Ero venuto perchè uno non può campare così, facendo finta di non vedere quello che ti capita attorno. Perchè io, fino allora, ero sempre a quella maniera che avevo fatto. Che solo alle cose mie mi interessavo. E il resto niente. Come se non esisteva.

E’ in queste considerazioni, fatte dall’agente Acanfora al funerale di Sarah, il messaggio forte e civile contenuto nel bel romanzo di Andrej Longo “Chi ha ucciso Sarah” ed. Adelphi.
In una caldissima giornata di agosto (il caldo sarà una presenza costante in tutta la vicenda), il giovane agente Acanfora, avvisato dalla centrale, scopre nell’androne di un palazzo di un elegante quartiere di Napoli, il corpo di Sarah:
Stava sdraiata per terra….E stava intorcinata su se stessa, come a una gatta che dormiva. Ma lei non dormiva. Era morta. …….Con una mano ho provato a chiuderci gli occhi, ma continuavano ad aprirsi.
Il commissario Santagata e Acanfora indagano, interrogano il fidanzato di Sarah, interrogano gli inquilini del palazzo, nessuno ha visto o sentito niente. Scavano nel passato di Sarah, scoprono un fidanzato, Genny Esposito, detto il Pianista, per il vizio che tiene di menare le mani a ogni poco, un mezzo delinquente del quartiere Sanità. Lo ricercano, lo trovano, aiutato dalla gente del quartiere riesce a sfuggire una prima volta, ma viene poi arrestato. Interrogatori pesanti, Genny non cede, si dice innocente, sembra sincero tanto che il commissario, resistendo alle forti pressioni del questore che vuole a tutti i costi un colpevole, lo lascia libero.

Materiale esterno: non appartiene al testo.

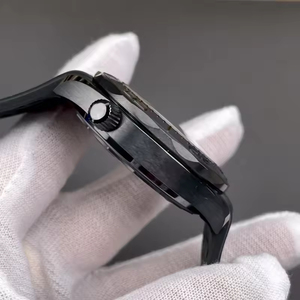 O-M-G Sea Master Reloj mecánico automático de lujo para hombre con bisel de cerámica de circonia, relojes negros para hombre de lujo 8806M - Product Image 5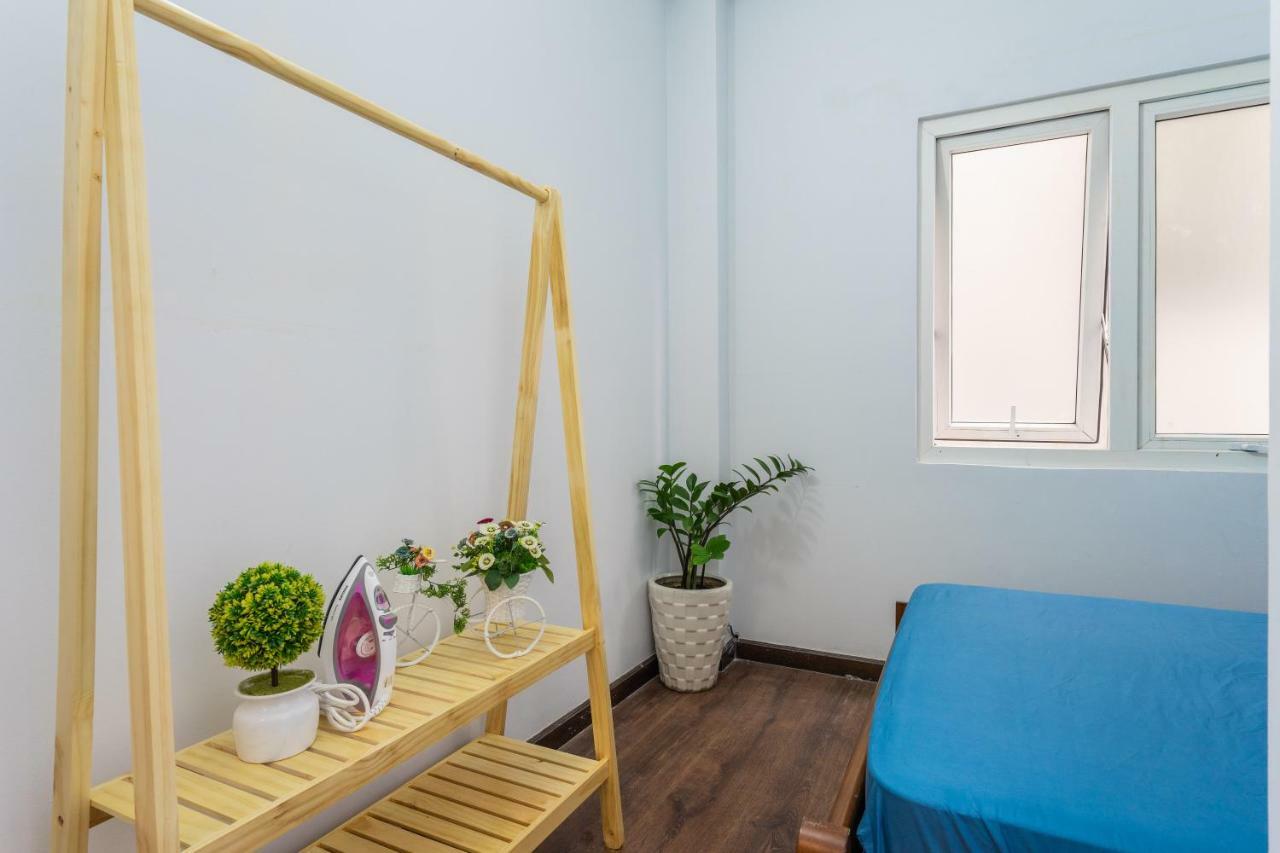 Vuông Tròn homestay Cidade de Ho Chi Minh Exterior foto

Mentre proseguono le indagini, il commissario Santagata racconta ad Acanfora una storia, la racconta come se come se fosse successa ad un suo poliziotto, ma Acanfora capisce; il poliziotto e la moglie in pizzeria, entrano due rapinatori, il poliziotto è indeciso se reagire o lasciar perdere, ha paura di mettere in pericolo la vita della moglie; combattuto fra questi dubbi, soprapensiero avvicina la mano alla fondina; uno dei rapinatori nota il suo gesto e spara uccidendo la moglie.
L’agente Acanfora è un bravo ragazzo napoletano, vive con la mamma, piena di attenzioni, lo soffoca di cibo e di parole: c’è già il caldo soffocante e soprattutto la morte di Sarah che lo opprimono.
Convinti che il mistero della morte di Sarah sia all’interno del palazzo, ancora fanno visita agli inquilini.
L’avvocato e sua moglie hanno sentito la ragaza urlare, l’avvocato stava uscendo, ma la moglie lo ha fermato
Fermati, arò vai? ha detto. Quelli ti ammazzano, sei pazzo, fermati, chi t’ o ffa fà, pensa ai fatti tuoi
La domestica filippina dell’architetto Caputo ha visto la ragazza sdraiata nell’androne, pensava fosse una drogata, era ancora viva, ma come, non l’hai riconosciuta, ha paura, l’architetto, assumendola, le aveva detto:
tu non vedi, non senti, non capisci niente. E se non ti va bene, tu torni al paese tuo.
L’autopsia risolve il mistero: il vero assassino è l’indifferenza della gente.
Un romanzo sincero e semplice; una scrittura immediata, viva, con tanto dialetto e parlata popolare. Un altro scrittore campano che si ribella al clima di paura e di egoismo.